##### Data segment
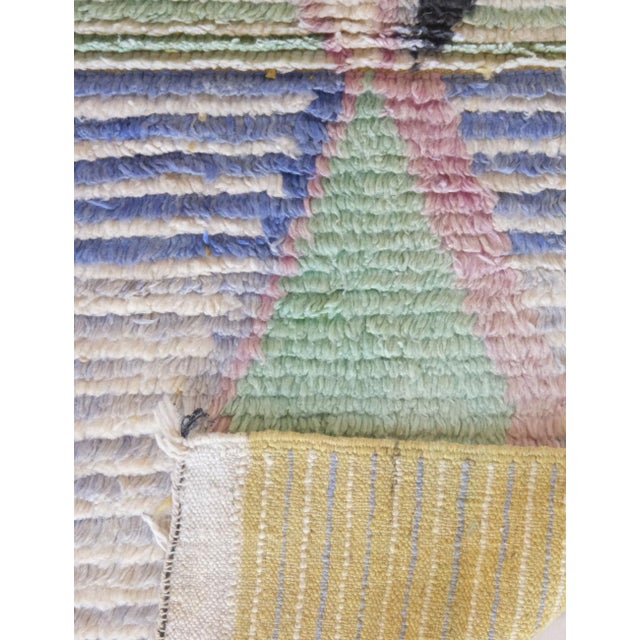 2020s Abstract Wool Runner Rug - 9.9 X 2.2 Ft For Sale - Image 5 of 8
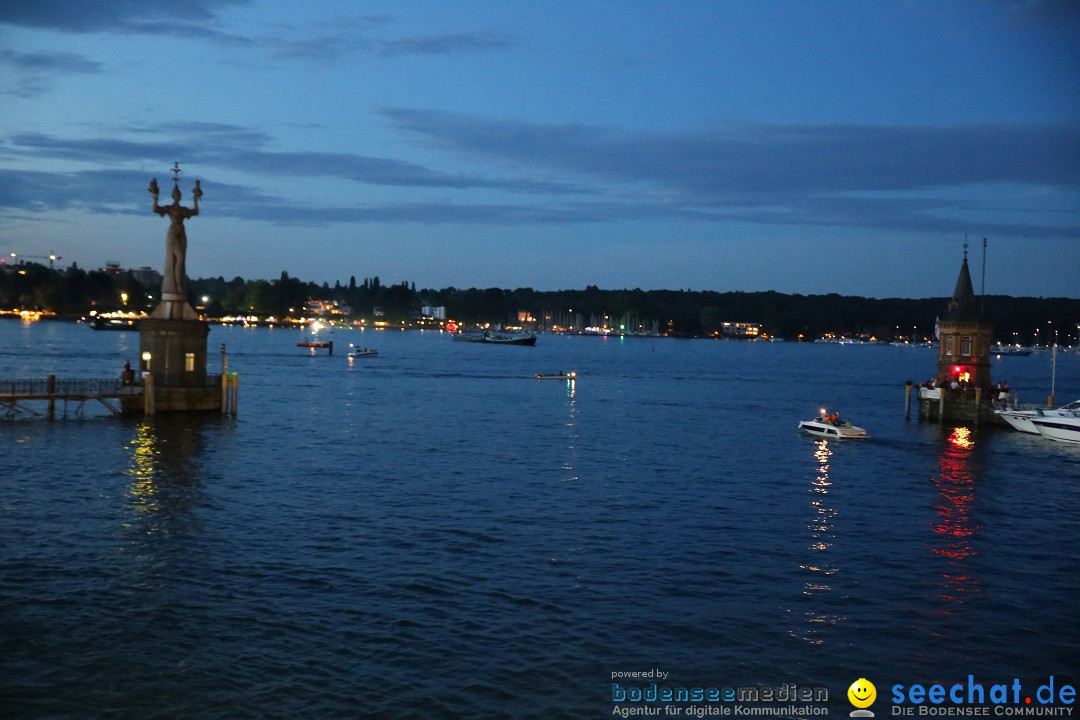 Konstanzer Seenachtfest mit Feuerwerk: Konstanz am Bodensee, 09.08.2014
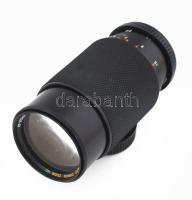 Chinoin 70-210 mm 1:3,8 zoom tokjában + vaku + hordozótáska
##########
Work to complete
Text only, please: give the listing again word for word with no images.

Exercise answer
 2020s Abstract Wool Runner Rug - 9.9 X 2.2 Ft For Sale - Image 5 of 8
 Konstanzer Seenachtfest mit Feuerwerk: Konstanz am Bodensee, 09.08.2014
 Chinoin 70-210 mm 1:3,8 zoom tokjában + vaku + hordozótáska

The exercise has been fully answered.